As some background, we will discuss the reason the preferable time to daven is after mincha ketana. Mincha corresponds to the afternoon korban tamid. That korban could be brought as early as 6.5 hours after sunrise; however, it was only brought that early when erev Pesach was erev Shabbos. The korban pesach has to be brought as a korban and then be brought home to be roasted before Shabbos. The korban pesach is the only korban brought after the korban tamid. Since it is brought after the korban tamid, the korban tamid was brought as early as possible in order to facilitate bringing the korban pesach. Otherwise, it was generally brought much later. Therefore, it is generally preferable to daven mincha later as well.

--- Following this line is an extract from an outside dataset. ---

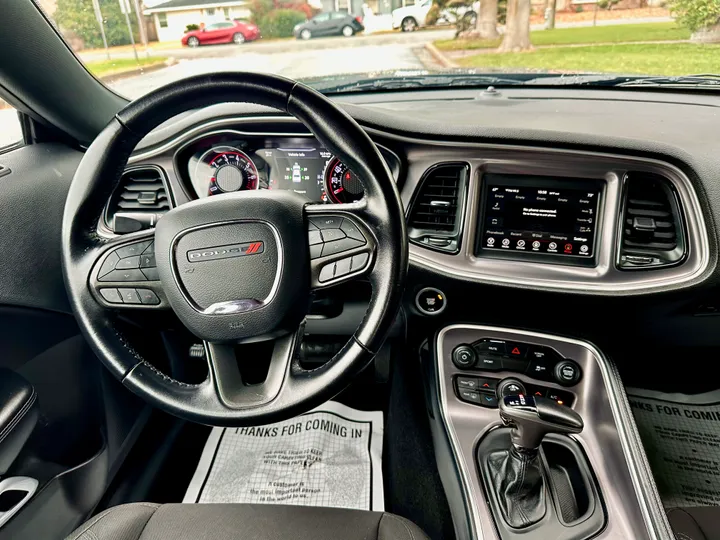 BLACK, 2021 DODGE CHALLENGER Image 20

The issue, however, is that Chazal instituted prohibition against doing certain actions after the time of mincha has arrived, out of concern that those actions may cause a person not to daven mincha. The concern is both in terms of actions which may prevent a person from davening, and actions which may cause a person to forget to daven. For example, Chazal prohibited eating a large meal before davening mincha. If the meal began before the zman, one may continue (until the end of the zman; they must certainly daven at some point before the zman is over).
One of the prohibitions instituted is not to go to the merchatz (bathhouse) before davening mincha. Since the merchatz is warm and steamy, they were concerned a person would get tired or faint and end up missing mincha. Therefore, Chazal prohibited entering a bathhouse once the zman mincha takes place. The zman in question is a machlokes in the Gemara, with one opinion that it is already assur to enter the merchatz from mincha gedolah, and one opinion that it is only assur from mincha ketana.

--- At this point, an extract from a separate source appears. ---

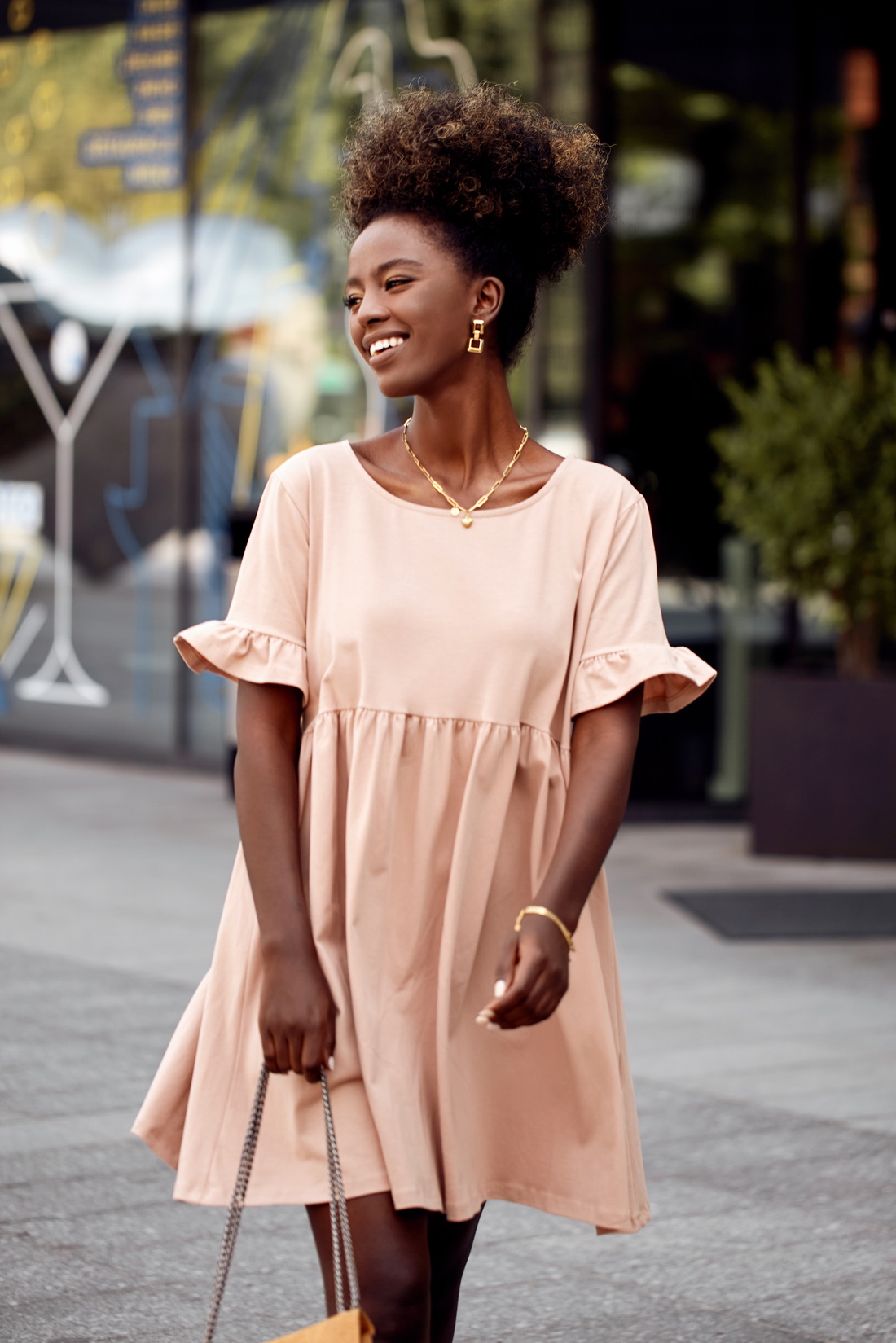 Oversize dress with short sleeves of beige color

Based on this point, the Chayei Adam writes that even though he agrees that in general, the preferable time to daven mincha is after the zman of mincha ketana, on erev Shabbos it is preferable to daven mincha gedola. It is certainly preferable if one plans to go to the bathhouse, as it is arguably assur to go to the bathhouse once the zman mincha gedolah has occurred.
Practically, we do not have the concern of a merchatz nowadays. A shower does not approximate the concern of a bathhouse, and, although some poskim suggest a mikvah may be the equivalent of a merchatz, a mikvah which does not have a steam room does not have this concern. A mikvah with a steam room for use after the mikvah would be the equivalent of a merchatz, and this halacha would apply in such a case.

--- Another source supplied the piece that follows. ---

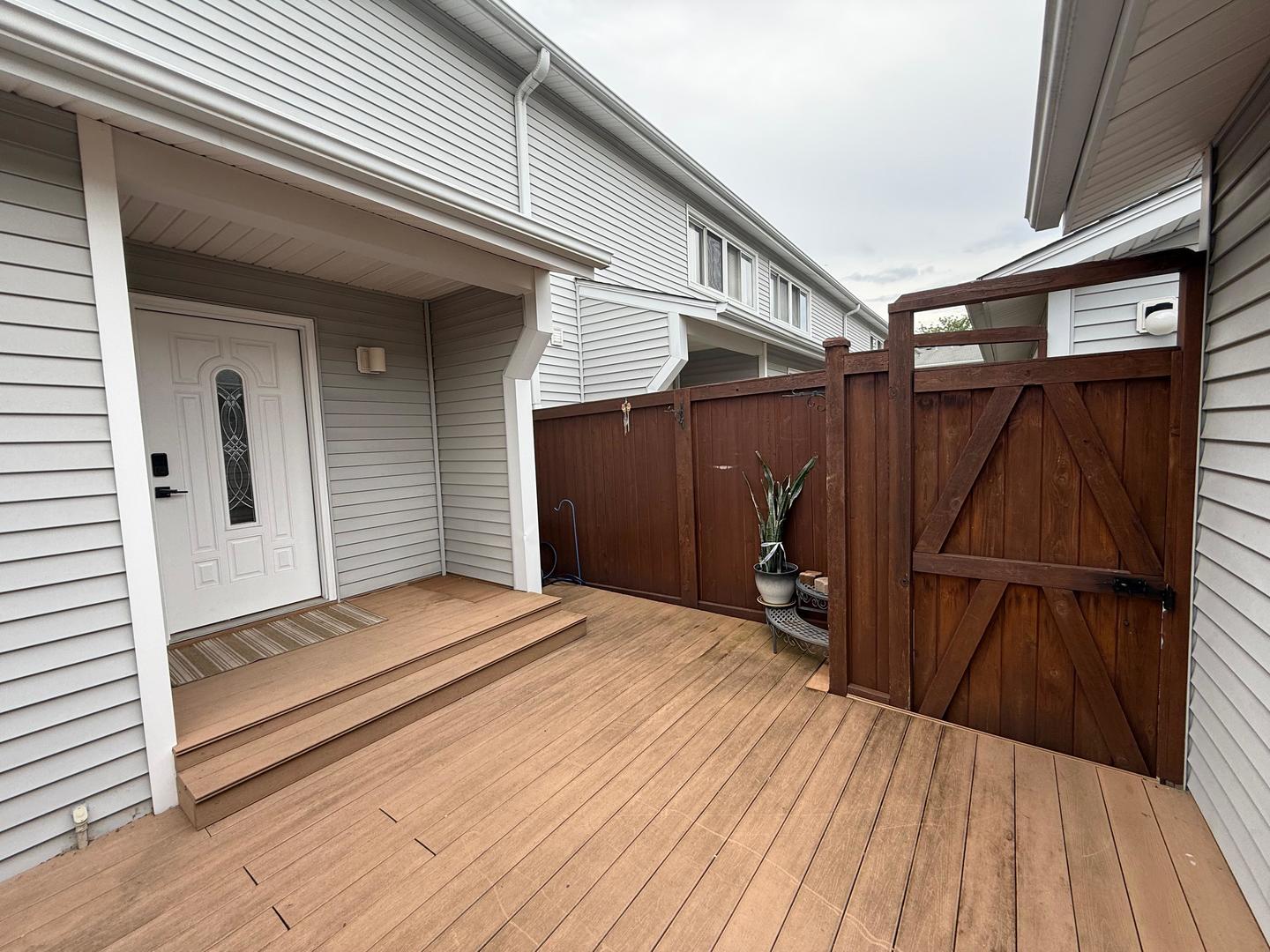 346 Hazelwood Terrace, Buffalo Grove, IL 60089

Another halachic concern is getting a haircut on erev Shabbos. Chazal were concerned that something may happen in the middle of the haircut, such as the machine breaking, which would prevent the person from davening mincha. The above argument as to which Mincha time we are referring to applies here as well. Again, it would be appropriate to daven mincha gedolah, if needed, before getting a haircut to avoid this issue.
The Chayei Adam adds that even if one does not have a bona fide halachic concern, there is another concern, which we will discuss tomorrow, be’ezras Hashem.
Although it is generally preferable to daven mincha ketana, on erev Shabbos it is preferable to daven mincha gedolah.